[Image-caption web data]
########################################

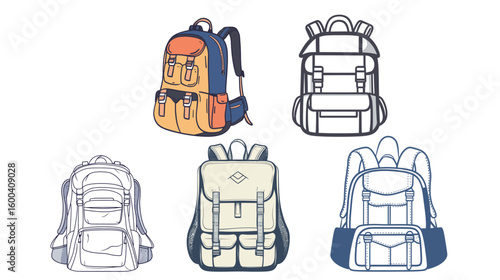 Line art vector illustration of a hiking backpack with multiple compartments and straps, designed for outdoor adventure, camping, trekking, and travel, featuring detailed minimalist style 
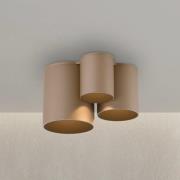 PURE LED-loftlampe til badeværelset Point, bronzefarvet, 18 cm, 3 lysk...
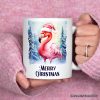 Flamingo with Santa Hat Personalized Mug, Winter Forest Christmas Gift With Custom Name and Date Flamingo with Santa Hat Personalized Mug, Winter Forest Christmas Gift With Custom Name and Date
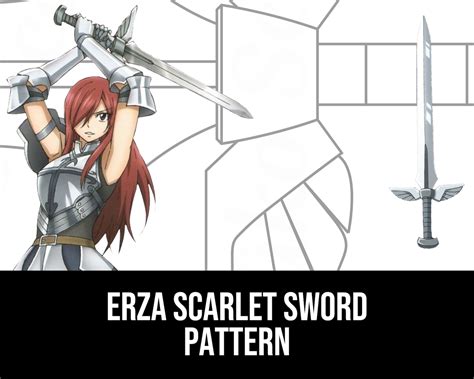 Erza Scarlet Heart Kreuz Sword Pattern plan Directeur - Etsy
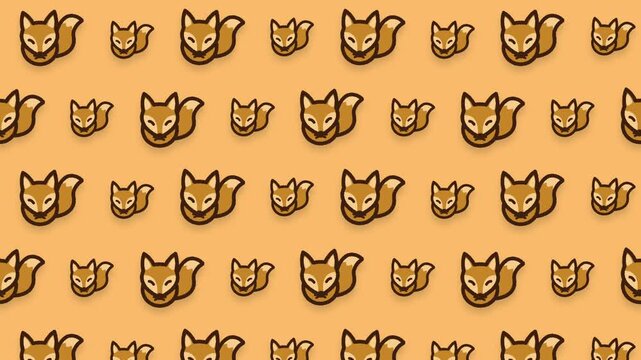 かわいいきつね親子のループアニメーション背景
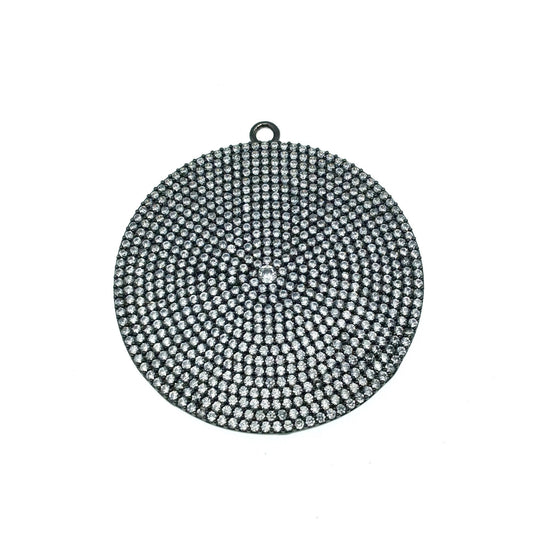 Gunmetal Plated CZ Cubic Zirconia Inlaid Disc/Circle Shaped Copper Pendant - Measuring 43mm x 43mm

########################################

What the task asks —
Pictures stay out. Copy exactly, and only, the lines from the one containing "and Date Flamingo" through the end of the data.

Answer box —
 Flamingo with Santa Hat Personalized Mug, Winter Forest Christmas Gift With Custom Name and Date Flamingo with Santa Hat Personalized Mug, Winter Forest Christmas Gift With Custom Name and Date
 Erza Scarlet Heart Kreuz Sword Pattern plan Directeur - Etsy
 かわいいきつね親子のループアニメーション背景
 Gunmetal Plated CZ Cubic Zirconia Inlaid Disc/Circle Shaped Copper Pendant - Measuring 43mm x 43mm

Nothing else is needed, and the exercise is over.